Fernandez and Beck themselves met through personal ads, but before that each one of them already carried a dark history. Fernandez served in both Spain’s Merchant Marine and British Intelligence during World War II. Afterward, he was injured while on board a ship bound for America, when a steel hatch fell on him, damaging his frontal lobe. While serving a year in prison for theft, he claimed that his cellmate taught him black magic and voodoo, which he said gave him irresistible power over women. After that, Fernandez began answering lonely hearts ads, only to rob his would-be love interests.
Fernandez even took one of his victims, Jane Thompson, to Spain, where he already had a wife and four children. Thompson ultimately died under mysterious circumstances—Fernandez claimed she died of a heart attack, although he told Jane’s mother she died in a train crash. Then he inherited her estate thanks to a forged will.
When Fernandez found an accomplice in Martha Beck, however, his crimes took an even darker turn.
Martha Beck, born Martha Seabrook, had run away from home as a teenager. She claimed during her trial that she had been sexually assaulted by her brother, and that when she had tried to tell her mother about it, her mother had beaten her. Beck became pregnant twice out of wedlock. The first time she claimed that the father was a serviceman who had died in the war, the second time was with a bus driver named Alfred Beck, who quickly married her. The two divorced within six months, but Beck kept his name.
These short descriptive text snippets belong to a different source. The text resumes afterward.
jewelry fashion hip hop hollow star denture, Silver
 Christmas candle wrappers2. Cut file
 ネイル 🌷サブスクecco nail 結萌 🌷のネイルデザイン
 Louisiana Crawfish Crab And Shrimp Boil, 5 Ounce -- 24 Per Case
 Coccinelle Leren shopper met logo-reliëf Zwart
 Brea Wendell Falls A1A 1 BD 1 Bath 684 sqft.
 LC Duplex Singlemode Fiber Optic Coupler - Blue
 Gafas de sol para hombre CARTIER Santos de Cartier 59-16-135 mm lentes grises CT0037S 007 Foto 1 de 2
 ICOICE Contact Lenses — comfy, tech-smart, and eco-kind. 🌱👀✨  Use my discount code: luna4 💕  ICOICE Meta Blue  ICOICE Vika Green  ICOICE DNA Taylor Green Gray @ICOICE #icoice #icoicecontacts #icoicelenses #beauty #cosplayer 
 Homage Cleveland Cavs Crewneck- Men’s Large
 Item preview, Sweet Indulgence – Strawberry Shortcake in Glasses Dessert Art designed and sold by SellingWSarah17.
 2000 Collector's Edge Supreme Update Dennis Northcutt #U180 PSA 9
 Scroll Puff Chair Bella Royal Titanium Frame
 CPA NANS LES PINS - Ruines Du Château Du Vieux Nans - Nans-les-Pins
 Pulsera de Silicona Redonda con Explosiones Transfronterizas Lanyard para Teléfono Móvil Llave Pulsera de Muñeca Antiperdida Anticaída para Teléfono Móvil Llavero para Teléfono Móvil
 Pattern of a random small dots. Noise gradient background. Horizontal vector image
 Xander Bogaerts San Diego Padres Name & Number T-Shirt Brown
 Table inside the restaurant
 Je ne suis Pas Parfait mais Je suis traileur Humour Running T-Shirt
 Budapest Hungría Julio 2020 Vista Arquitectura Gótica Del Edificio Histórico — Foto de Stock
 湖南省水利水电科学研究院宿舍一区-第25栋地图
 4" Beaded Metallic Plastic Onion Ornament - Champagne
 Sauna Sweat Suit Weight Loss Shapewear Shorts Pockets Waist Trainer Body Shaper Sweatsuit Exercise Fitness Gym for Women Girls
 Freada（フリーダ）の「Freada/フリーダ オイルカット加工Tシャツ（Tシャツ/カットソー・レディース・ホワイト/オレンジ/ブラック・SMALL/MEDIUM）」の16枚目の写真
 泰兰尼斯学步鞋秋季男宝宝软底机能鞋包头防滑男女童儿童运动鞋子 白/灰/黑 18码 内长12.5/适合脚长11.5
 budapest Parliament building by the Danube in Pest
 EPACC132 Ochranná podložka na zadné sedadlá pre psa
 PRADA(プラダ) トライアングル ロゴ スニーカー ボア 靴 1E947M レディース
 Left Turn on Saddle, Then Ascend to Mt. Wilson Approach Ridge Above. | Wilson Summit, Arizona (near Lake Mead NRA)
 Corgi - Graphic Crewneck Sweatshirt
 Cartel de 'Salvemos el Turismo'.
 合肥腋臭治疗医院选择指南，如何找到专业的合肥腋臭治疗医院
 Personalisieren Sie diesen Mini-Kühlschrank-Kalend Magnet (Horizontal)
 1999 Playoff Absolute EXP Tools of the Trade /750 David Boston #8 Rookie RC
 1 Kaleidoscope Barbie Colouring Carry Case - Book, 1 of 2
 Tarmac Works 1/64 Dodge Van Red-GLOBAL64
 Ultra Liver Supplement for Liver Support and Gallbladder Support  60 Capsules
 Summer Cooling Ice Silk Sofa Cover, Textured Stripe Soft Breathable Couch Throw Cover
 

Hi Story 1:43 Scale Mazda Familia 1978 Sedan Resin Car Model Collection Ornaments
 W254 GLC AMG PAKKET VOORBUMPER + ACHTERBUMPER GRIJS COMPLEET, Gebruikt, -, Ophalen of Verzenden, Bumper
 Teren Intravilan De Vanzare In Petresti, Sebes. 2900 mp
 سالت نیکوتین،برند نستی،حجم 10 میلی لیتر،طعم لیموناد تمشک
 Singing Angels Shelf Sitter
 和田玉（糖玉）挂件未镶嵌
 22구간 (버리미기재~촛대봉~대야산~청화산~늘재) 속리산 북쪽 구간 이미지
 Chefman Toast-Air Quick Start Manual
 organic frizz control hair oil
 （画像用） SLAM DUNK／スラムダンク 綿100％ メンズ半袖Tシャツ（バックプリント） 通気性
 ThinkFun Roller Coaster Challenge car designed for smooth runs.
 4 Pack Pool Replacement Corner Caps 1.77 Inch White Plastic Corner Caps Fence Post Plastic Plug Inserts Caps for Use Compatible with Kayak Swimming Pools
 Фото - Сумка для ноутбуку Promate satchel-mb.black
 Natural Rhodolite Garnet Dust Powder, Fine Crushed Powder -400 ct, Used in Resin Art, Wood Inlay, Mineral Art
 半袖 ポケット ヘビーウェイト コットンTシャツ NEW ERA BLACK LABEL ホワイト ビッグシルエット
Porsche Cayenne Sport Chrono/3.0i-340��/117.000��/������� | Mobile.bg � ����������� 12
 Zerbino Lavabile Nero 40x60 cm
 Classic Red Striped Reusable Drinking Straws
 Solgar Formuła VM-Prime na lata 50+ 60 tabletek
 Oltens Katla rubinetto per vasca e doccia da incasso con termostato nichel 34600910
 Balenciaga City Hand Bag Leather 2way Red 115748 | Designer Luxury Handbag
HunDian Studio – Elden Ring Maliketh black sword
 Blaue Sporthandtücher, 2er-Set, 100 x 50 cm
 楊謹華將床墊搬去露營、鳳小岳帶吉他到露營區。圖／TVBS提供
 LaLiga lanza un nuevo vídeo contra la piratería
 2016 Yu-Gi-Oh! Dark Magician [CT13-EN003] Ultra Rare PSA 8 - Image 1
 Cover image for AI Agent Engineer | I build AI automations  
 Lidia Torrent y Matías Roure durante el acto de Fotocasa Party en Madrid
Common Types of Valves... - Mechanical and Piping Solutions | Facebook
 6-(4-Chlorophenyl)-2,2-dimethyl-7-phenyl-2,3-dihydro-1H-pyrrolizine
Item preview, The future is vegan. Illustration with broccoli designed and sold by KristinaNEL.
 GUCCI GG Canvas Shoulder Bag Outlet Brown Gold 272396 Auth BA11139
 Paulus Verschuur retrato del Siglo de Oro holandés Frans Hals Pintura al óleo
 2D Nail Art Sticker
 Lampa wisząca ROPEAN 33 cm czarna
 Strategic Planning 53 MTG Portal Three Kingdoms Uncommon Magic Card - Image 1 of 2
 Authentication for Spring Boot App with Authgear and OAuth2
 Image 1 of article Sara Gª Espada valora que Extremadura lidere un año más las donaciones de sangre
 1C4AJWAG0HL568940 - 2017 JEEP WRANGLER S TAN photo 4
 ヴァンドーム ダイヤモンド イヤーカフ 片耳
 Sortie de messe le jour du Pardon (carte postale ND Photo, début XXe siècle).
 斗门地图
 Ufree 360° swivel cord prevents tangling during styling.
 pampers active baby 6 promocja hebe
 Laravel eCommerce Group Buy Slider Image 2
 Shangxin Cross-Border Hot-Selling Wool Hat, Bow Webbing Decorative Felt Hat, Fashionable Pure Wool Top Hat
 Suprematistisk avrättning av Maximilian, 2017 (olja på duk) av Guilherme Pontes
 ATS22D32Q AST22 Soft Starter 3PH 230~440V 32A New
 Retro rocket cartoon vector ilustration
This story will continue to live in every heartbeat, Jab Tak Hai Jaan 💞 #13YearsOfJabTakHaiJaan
When Beck met Fernandez, she abandoned her children for him, sending them to the Salvation Army. Fernandez saw this as proof of her unconditional love, and he confided in her about his crimes. The two became willing accomplices, and with Beck’s assistance, Fernandez was able to more easily prey upon the women whose personal ads he answered. Beck would pose as Fernandez’s sister, which put their victims more at ease.
Though they were ultimately only tried for a single murder, they are suspected in as many as 20 killings over the course of their time together. The murder for which they were convicted occurred in 1949. The then-35-year-old Fernandez became engaged to Janet Fay, aged 66, who came to live with him in his Long Island apartment. Beck found them in bed together and took a ball-peen hammer to Fay’s head. Though this didn’t kill her, Fernandez finished her off by choking her with a scarf. During their later trial, Beck would claim to have no memory of killing Fay, merely that Fernandez had told her to keep Fay quiet and that the next thing she remembered was standing over the other woman’s bleeding body.
The pair hid Janet Fay’s body in a trunk, which they buried in the cellar of Fernandez’s sister’s rented house in Queens, then covered the grave with cement.
From there, they went to a suburb of Grand Rapids, Michigan, where they met with another woman, Deliphene Downing, a widow with a two-year-old daughter named Rainell.
The two stayed with Downing for several weeks, and she and Fernandez began sleeping together, which left Beck seething with jealousy. When Downing began to suspect that something was amiss and accused Fernandez of fraud, Beck convinced her to take some sleeping pills to calm down. Rainell, however, became agitated herself, possibly as a result of her mother’s unusual behavior, and began to cry. Beck choked the child to unconsciousness, leaving obvious bruises on her neck. Concerned that Downing would call the police when she woke and saw the bruises, Fernandez shot the sleeping woman to death.
For the next two days, Fernandez and Beck stayed in their victim’s home, planning their next move and trying to decide what to do with Rainell. Ultimately, they filled up a basin with water and Beck held her under until she drowned. They buried both bodies in the basement and went to the movies. Shortly after they got back, they found the police at their door.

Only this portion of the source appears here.